Philip Shen: Got it. Thank you very much for the color. I’ll pass it on.
Charlie Cao: Thank you.
Operator: Next question comes from Wade Wu (ph) with Jefferies. Please go ahead.
Alan Lau: Hello. Sorry, can you hear me?
Operator: Yes, your line is now open.
Alan Lau: Hey. This is Alan Lau from Jefferies. So, thanks management for taking my questions. So first of all, I would like to ask a follow-up the question from Philip on the — basically, how many — or what is the percentage of the contracts you have signed at least have the language that is passing through the potential liability of the delays in AD/CVD. The background of this question is because some of the peers suffered a lot last year, when they have procured high-priced polysilicon. And then later on, when they failed to deliver the shipment, they even have to pay penalties as per those contracts. So I wonder if those language is already there. And it’s only a matter of working with your clients to solve the problem?

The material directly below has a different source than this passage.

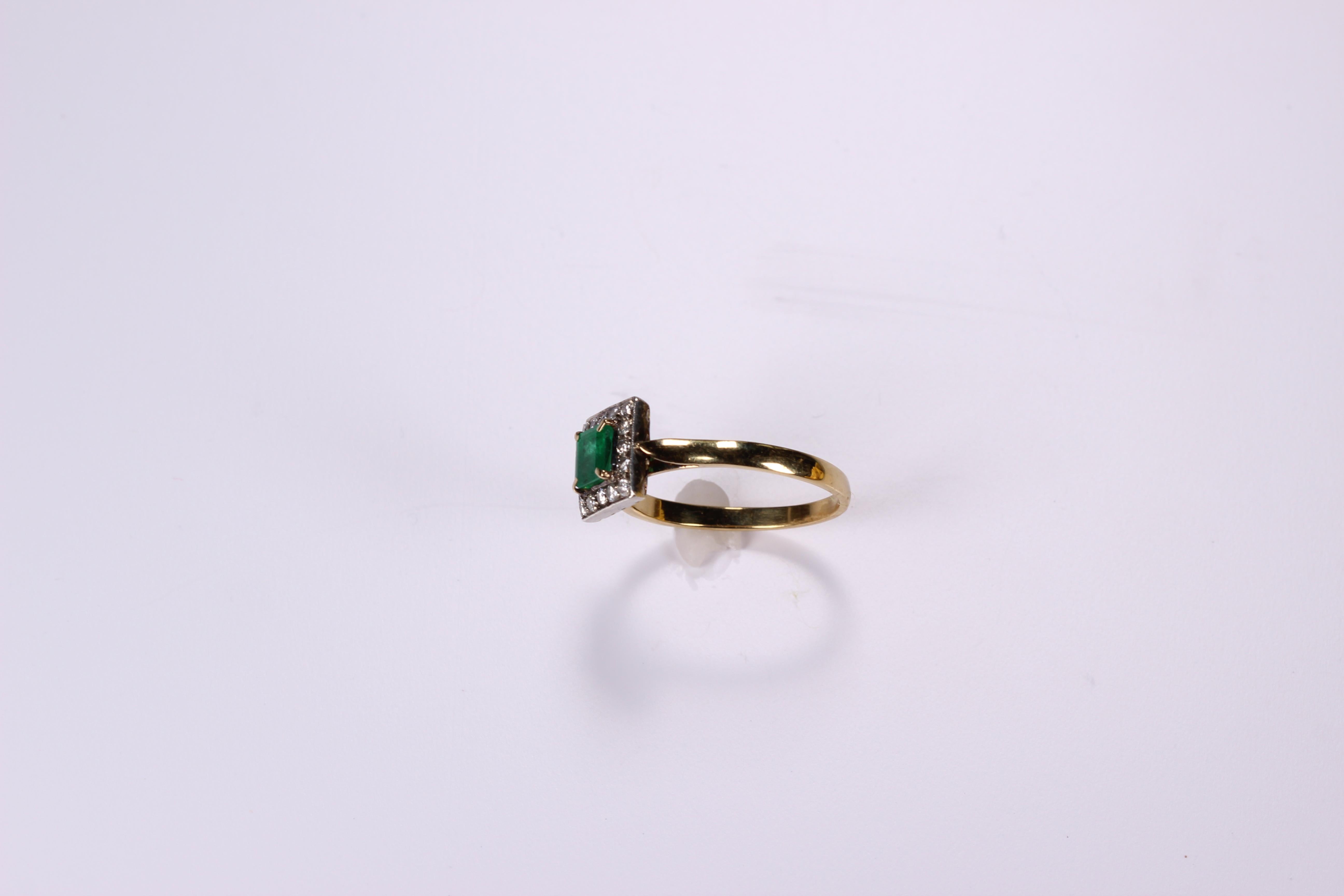 Women's Emerald Ring 18K Yellow Gold with Diamonds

And is there any potential liability in delivering the obligations.
Gener Miao: Yeah. So again, I don’t think we can disclose that level of detail. But definitely, we are case-by-case working with customers on this AD/CVD risk as we always do, right? So we’ve got a lot of support from the customers regarding what has happened in the U.S. market in the last two years’ time. So definitely, we appreciate the support, and we are carrying that love for the future long-term partnership with most of our customers. That’s why we never want to end up with a lost, lost solution. So even if there’s a risk, we definitely go ahead with the customer to look into the solutions together. That’s why we can maintain our leadership in many markets, right?